Spectators heckling Rory McIlroy. Loud, taunting, expletive-filled behavior. Raucousness run amok. Partisanship gone overboard.
Ah, the good old days.
How much do we crave to have the argument over whether the feverish crowd at Hazeltine during the 2016 Ryder Cup had crossed the line of decorum?
Now, there is no line.
The Ryder Cup has been postponed a year, a sensible and obvious decision in the wake of the coronavirus pandemic that left officials at the PGA of America and European Tour pondering an event with closed doors.
Squabbles about fan decorum seem quaint now that there won't be fans -- or a Ryder Cup at all.
"The Ryder Cup without fans is not the Ryder Cup,'' McIlroy declared months ago, when the possibility remained that the event could be played on the shores of Lake Michigan at Whistling Straits without the yelling and screaming that the Northern Irishman endured the last time the event was staged in the United States.

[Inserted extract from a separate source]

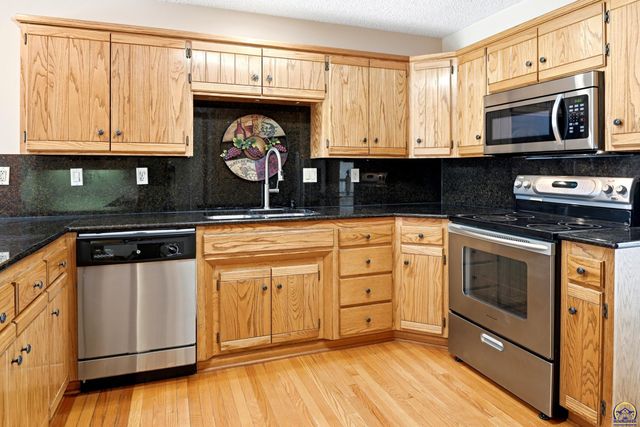 4020 SE 61st St, Berryton, KS 66409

Some 50,000 spectators a day packed Hazeltine four years ago. They came ready and roaring, fueled by flowing alcohol and the freedom that comes with a Ryder Cup, where cheering and booing is expected and taunting of the opponent comes with the territory.
It was much the same two years ago at Le Golf National outside of Paris -- although the event was lacking the boorishness observed two years before that -- when the Europeans romped to victory in front of a serenading home crowd.
That, in essence, is the Ryder Cup.
And to not have that in any form would be nearly as depressing from a sporting standpoint as what all have endured during these unprecedented times.
Sure, there was an argument to be made to play the Ryder Cup in front of small gathering or none at all.
The PGA of America and the European Tour reap millions upon millions from their co-owned, every-other-year-spectacle in the form of television rights fees. Make no mistake, playing to the sound of crickets and cashing those big checks was a huge consideration here.
The PGA has already committed to a spectator-free PGA Championship next month; the European Tour has forgone millions as its schedule was interrupted, resuming only this week in Austria with drastically reduced purses.
Don't forget the PGA Tour. It has no financial stake in the Ryder Cup, but its players participate. And the tour has undergone its own financial hardship this year, with 13 weeks of tournaments lost. Asking the PGA Tour to delay the Presidents Cup -- and its big-money payoff -- by a year was never going to be easy.
And we've seen golf do quite well so far without spectators. It's enjoyable to watch it on TV, just as the Ryder Cup would undoubtedly be as well. And given the current climate, golf without spectators is better than no golf, right?
"I personally don't want to play if there's no fans; I don't see a point in playing it,'' Brooks Koepka told Golf Channel in May. "The fans make that event. That's why we get nervous on the first tee. You hear everything that's going on. The U-S-A chant. All that stuff. That's what makes it fun.''
And nerve-wracking. All manner of players over the years have noted the difficulty of simply teeing up their ball on Friday morning. The cauldron of noise and commotion surrounding the first tee is as intense as anything in golf. It matters.
Koepka likened a spectator-free Ryder Cup to playing a simple match at home. Without the atmosphere, there is no Ryder Cup.
Four years ago, there might have been too much atmosphere. At the time, it was hard to believe that even at the Ryder Cup, where McIlroy was deemed the enemy to American fans for three days, he was treated with such disdain.
After all, he is one of the most likable guys in the game. He had just come off a playoff victory to win the Tour Championship. And he had already established himself as one of golf's leading lights.
And yet, he was heckled to the extreme during the Saturday afternoon matches, to the point of having to ask for a foulmouthed spectator to be escorted out. His then girlfriend (now wife) Erica was subjected to a fair amount of abuse, too. It went over the line.
McIlroy seethed, but still managed to play some of his best golf in what turned out to be a rare U.S. team victory.
The pandemic has surely brought perspective, and undoubtedly there will be a bit more decorum if the Ryder Cup goes off as planned next year at Whistling Straits.
Just as the mood changed in the aftermath of the postponed 2001 Ryder Cup after the Sept. 11 terrorist attacks, so too will the vibe be different. It is likely to be every bit as vocal and partisan, but perhaps lacking in some of the venom.
Given the current circumstances, it's hard to envision how even a fraction of the rowdiness at a Ryder Cup could have occurred this year. A scaled-down version was a hope for a time, but even that ultimately was thwarted by all the challenges local and state governments face in assuring safety.
And a no-spectator event made sense from a purely financial standpoint, if not when considering the main reason it is enjoyed by so many -- the spectacle.
So now we wait. New Ryder Cup qualification criteria will need to be determined. Numerous legal and financial issues need to be sorted by the various golf organizations. Seven major championships will be on the minds of players before they ever get to Wisconsin for the delayed Ryder Cup.
And, quite hopefully, thousands upon thousands of spectators will be allowed in, roaring in Rory's ear -- with him enjoying every second of it.